Energizing Your Trade Show Booth Staff
If you’re attending a one-day trade show event, it’s easy for your sales team to power through it with energy drinks and pep talks. However, if you’re keeping a staff at your trade show displays through an extended (3-4-5+day) show, you’re going to have to start looking for more creative ways to keep the energy levels up.
The goal is for your trade show booth staff to be able to greet the last visitor on the fourth day with every bit as much enthusiasm as they greeted the very first visitor on day 1 – if they can do that, you’ll know you have the right staff working in your trade show booth!
Motivating Your Trade Show Displays’ Staff During Long Shows
I. Start before the show.
Picking the right staff to work in the trade show booths can be the most important factor of all. Give serious thought to the people that you bring. Look for people who are honestly enthusiastic about the company and its products. Recruit them directly, face to face. Make it a special opportunity and emphasize their importance to the team.
If you take motivated people and give them a sense of responsibility, they’ll make the most of it.
II. Train hard.
Once you have your staff selected, train them. Give them some time off from their regular duties to practice learning scripts, conversational techniques, and facts about the product. Familiarize them with the trade show displays that will be used, as well as all the media tools that will be available at the show. Show them some presentations on sales techniques and “cold reading” people. These are the techniques that they’ll rely on during the show. The better-prepared they are, the less chance they have of burning out.
III. Eat and act healthily.
This is an obvious one, but it bears repeating: Good meals and a full night’s sleep will go a long way towards keeping your staff’s energy level up. Don’t succumb to the temptation to let them spend their “vacation” nights drinking and partying; make sure they go to bed sober at a reasonable hour.

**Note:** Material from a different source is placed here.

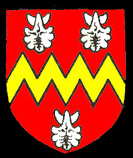 The coat of arms of the Dyve family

If your crew seems disappointed at not having fun during the trade show itself, make it a special treat for the end of the project. If your trade show display is a success, then they can have the night (or perhaps the weekend) of fun they’re hoping for before they go home.
IV. Send them on reconnaissance.
A great way to cycle your staff members and prevent burnout is to periodically give them an hour or two to wander around the trade show while checking out everyone else’s trade show displays. This doesn’t have to be too rigorous (or else you’re turning their down time into more work), but encourage them to take pictures, talk to people, and make note of things that seem to be working or not working. Compare notes during your end-of-day debriefings.
V. Bad interactions happen; don’t overreact.
While it would be wonderful if every single interaction with a visitor went positively, this rarely happens. If a crew member at your trade show display loses their cool, or gets baited by a heckler, or something along those lines, send them away to cool off for awhile before they come back. Don’t chew them out directly unless the incident was truly major, or else it just increases everyone’s stress level.
VI. Use group rewards.
In general, it’s best to use group rewards as motivators rather than individual awards, since the last thing you want is your trade show display staff fighting with each other, no matter how covertly. If you want to reward personal effort above-and-beyond, do it after the show rather than turning your display stand sales efforts into a competition.
Keeping your trade show booth staff motivated is one of the most important things you can do at your trade show displays. If you stay organized and keep them pumped up and enthusiastic, you’ll have a more effective booth.